Ceramic membranes are more energy-efficient while occupying a smaller footprint. They are also more cost-efficient with a longer lifespan of 20 years as compared to polymeric membranes, which have to be replaced about every five years. Most importantly, water loss is reduced significantly from 5% to 1% with the use of ceramic membranes.  

“Our challenge in Singapore is to treat economically, to drinking water standards, the runoff in what we believe is the most urbanised catchment in the world. The deployment of ceramic membranes in Choa Chu Kang Waterworks, at scale and currently the largest in the world, makes this almost a breeze. The success of ceramic membranes and other advanced treatment technologies in CCKWW are, of course, the result of years of trial and research. We are happy to have helped push the envelope in water treatment and are most grateful for the recognition,” said Mr Ng Joo Hee, Chief Executive, PUB. 

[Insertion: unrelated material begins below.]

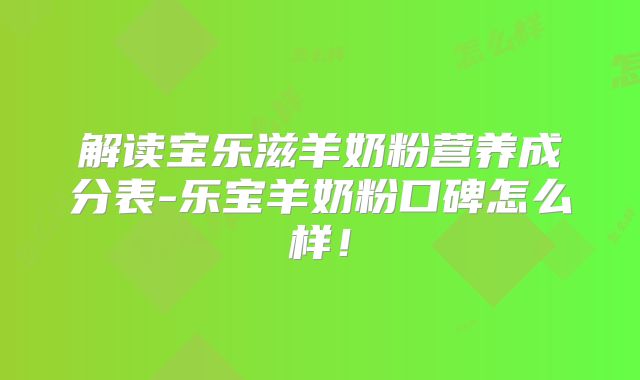 解读宝乐滋羊奶粉营养成分表-乐宝羊奶粉口碑怎么样！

“The Global Water Awards recognise the most important achievements in the international water industry, and reward those initiatives in the water, wastewater and desalination sectors that are moving the industry forward. I would like to congratulate Singapore’s Choa Chu Kang Waterworks, winner of the ‘Water Project of the Year 2020’ – for ushering in a new era for water treatment as the largest ceramic membrane treatment facility in the world. This is testament to Singapore’s unrelenting efforts for greater resource optimisation in its small island-state, and PUB’s continuous R&D efforts to optimise both the physical and environmental footprint of its facilities in the most cost-efficient manner,” said Mr Christopher Gasson, Publisher of Global Water Intelligence.